I am testing for cointegration using the Johansen test. I have seen questions like how to interpret the test results, but when I am interpreting mine I have some doubts. In my results r = 3 since 4.10 < 10.49, so I cannot form a stationary series. It is the same for r = 2 and r = 1. But for r = 0, 86.12 > 59.14, so there is a stationary combination.
But r = 0 implies that there are zero cointegrating vectors. Does that mean that my data are not cointegrated and therefore I cannot build a VECM?
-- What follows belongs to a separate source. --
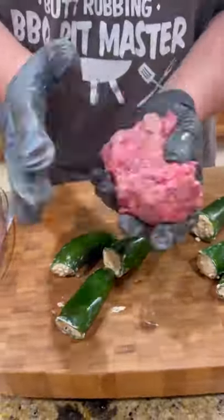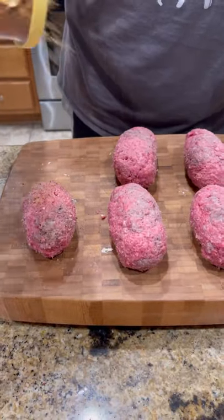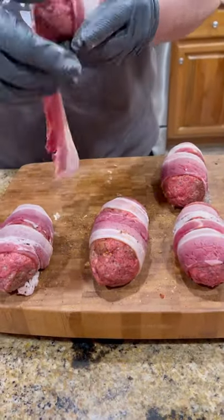Get your ground venison, or deer meat, or whatever you want to call it. Wrap that around the jalapeno the best you can. Come back and season it up again. We're going to wrap each individual one in a piece of bacon.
Please find my results below.
> cointegration <- ca.jo(Canada, type="trace",ecdet="trend",spec="transitory")
> summary(cointegration)
######################
# Johansen-Procedure #
######################
Test type: trace statistic , with linear trend in cointegration
Eigenvalues (lambda):
[1] 4.483918e-01 2.323995e-01 1.313250e-01 4.877895e-02 -1.859499e-17
Values of teststatistic and critical values of test:
test 10pct 5pct 1pct
r <= 3 | 4.10 10.49 12.25 16.26
r <= 2 | 15.65 22.76 25.32 30.45
r <= 1 | 37.33 39.06 42.44 48.45
r = 0 | 86.12 59.14 62.99 70.05
Eigenvectors, normalised to first column:
(These are the cointegration relations)
e.l1 prod.l1 rw.l1 U.l1 trend.l1
e.l1 1.0000000 1.0000000 1.00000000 1.00000000 1.00000000
prod.l1 0.3685667 -0.1582521 2.01545971 0.06122231 -0.09644538
rw.l1 -0.1369713 -0.5035147 -0.08233586 -0.15589592 -0.47523051
U.l1 3.2569951 2.4162383 2.98414327 1.57795960 1.54780259
trend.l1 -0.1539863 0.1477376 -0.53596432 -0.20898570 0.16907450
Weights W:
(This is the loading matrix)
e.l1 prod.l1 rw.l1 U.l1 trend.l1
e.d 0.01520061 0.10989739 0.04306410 -0.01664954 -6.999563e-13
prod.d 0.06282619 0.17899905 -0.05415524 -0.10283813 -5.525444e-12
rw.d -0.22958927 0.17308184 -0.03869293 0.06509098 -6.034107e-12
U.d -0.05230297 -0.08731406 -0.01833898 -0.03719022 1.367902e-12
Best Answer
In Johansen cointegration test, the alternative hypothesis for the eigenvalue test is that there are $r+1$ cointegration relations.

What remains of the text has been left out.